Eu, violenta?
De repente, cenas de violência estarrecem e deixam um país em pânico. O susto com a trágica dimensão das tragédias suscita debates acalorados nas páginas de jornal, em telejornais e programas televisivos, nas redes sociais. Especialistas de áreas diversas escancaram suas “sumidades científicas” em explicações “inquestionáveis” acerca de autoria e motivação para as cenas dantescas.
Explicações que trazem substrato de cunho religioso, cultural, social, econômico. Todas, porém, com um fio condutor que as atrela em um mesmo campo de compreensão. Independente da motivação que conduz a violência ela tem sempre uma origem: o indivíduo que a comete.
Os sujeitos, enquanto indivíduos, são violentos porque “são pobres”, “são pretos”, “estão distantes de Deus”, “suas famílias perderam os valores da disciplina, da hierarquia, do respeito”. O indivíduo, como apartado da realidade que o produz, o institui e o alimenta reage a esta realidade em ações individuais, muitas espetaculares e dramáticas, mas sempre solitárias e autorais.
Não cultivo a ingenuidade da defesa do determinismo social, mas não perco a perspectiva crítica de ver como os indivíduos, em suas interações sociais, produzem e são produzidos e produtores de seus mundos, crenças e realidades; ou seja, inventam, e são inventados e inventores do mundo onde vivem. Invenções e inventores que impõem, mas resistem, que determinam, mas flexibilizam, que escancaram, mas submergem. Assim, a realidade social, com seus atores, seus atos e suas conjunturas não podem ser creditada a obra de indivíduos ermitões, largados em suas solidões de claustro. Essa realidade produz e é produtora de práticas.
A violência que, no presente, nos amedronta com seu vertiginoso crescimento, tem sua compreensão nestes tempos que vivemos. Tempos em que é apresentado como natural um presidente da República, escancaradamente e com a ampla cobertura da mídia, aliciar e cooptar parlamentares para que rejeitem todas as solicitações de apuração de seus delitos, cometidos enquanto investido na função de mandatário. Uma ação patrocinada com recursos públicos explicitamente desviados dos investimentos necessários à educação, à saúde, à segurança, à moradia, ao saneamento.
Tempos em que soa como natural um ministro da mais alta corte de justiça do país afirmar, em tom de escárnio, que suas funções são “extremamente extenuantes” para justificar uma deliberação de governo em modificar a classificação de trabalho escravo.
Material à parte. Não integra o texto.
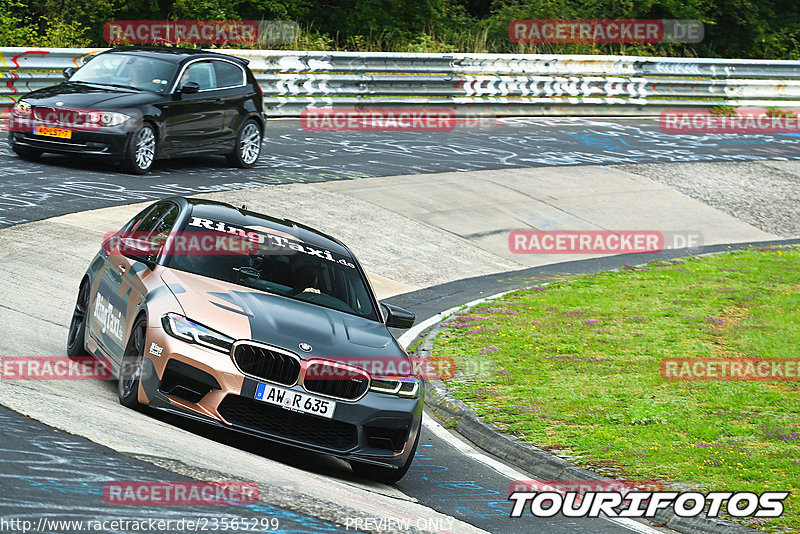 Bild #23565299 - Touristenfahrten Nürburgring Nordschleife (12.08.2023)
Ministro cujas condições de trabalho encontram-se a uma distância estratosférica da miserável realidade dos casebres e barracões que abrigam trabalhadores rurais e urbanos, em sua quase totalidade, migrantes (nacionais e estrangeiros) com baixo nível de escolaridade, com pouca ou nenhuma qualificação, e que se submetem a jornadas de trabalho exaustivas, com nenhuma proteção previdenciária, sem assistência de saúde, dormindo poucas horas e em cubículos infectos e humanamente compartilhados com inúmeros outros iguais em condições e sina.
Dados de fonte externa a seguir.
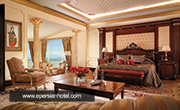 Family Room Standard مردان پالاس آنتالیا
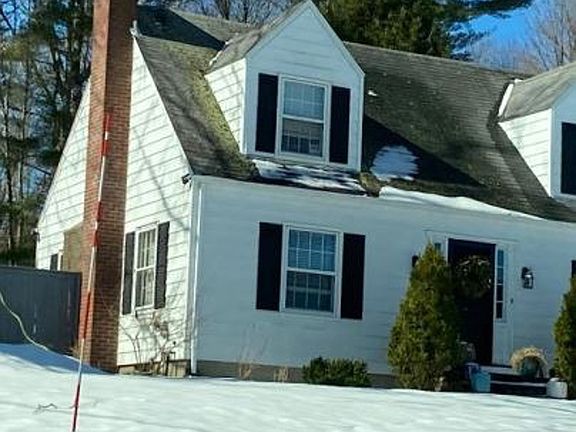 Property Side View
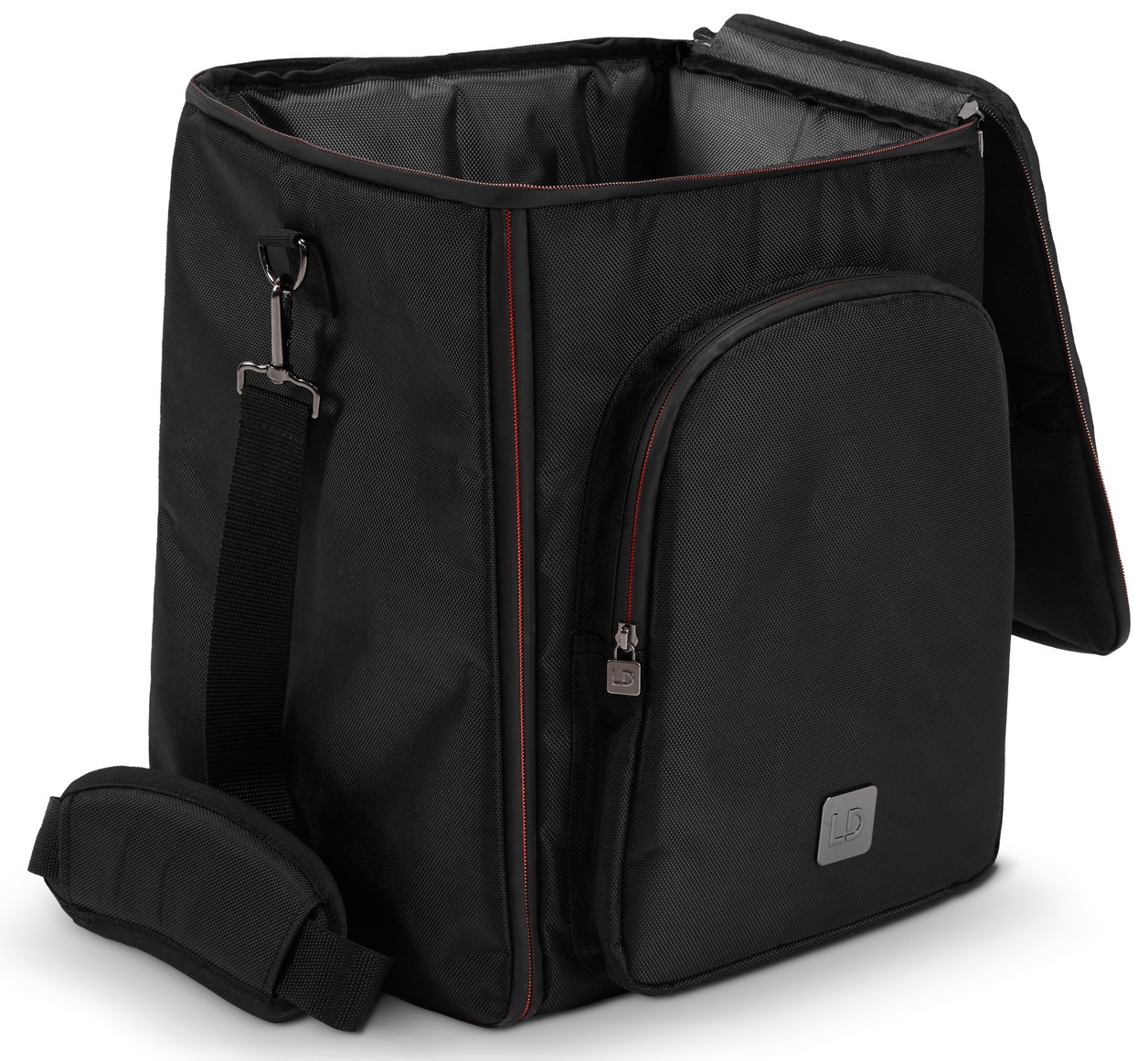 LD Systems ANNY 8 BACKPACK (obrázek 4)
Violência que mostra como natural um Judiciário seletivo e preconceituoso que transforma versões de testemunhas em verdades irrefutáveis, referendadas pelo brilho espetacular da grande mídia, enquanto fatos e episódios comprovados soam como sutis evidências que premiam criminosos com a liberdade e a impunidade.
Assim, atribuindo a autoria da violência a sujeitos isolados nos acostumamos e legitimamos que, de fato, somos agressivos e que esta agressividade nada traz de social, mas pode ser resolvida nos púlpitos das igrejas, nos divãs dos analistas, nas mesas de jantar dos sagrados e invioláveis” lares iluminados pela luz azulada da televisão, pelos esforços individuais de cada um para superar a miséria e conquistar seu “lugar ao sol”.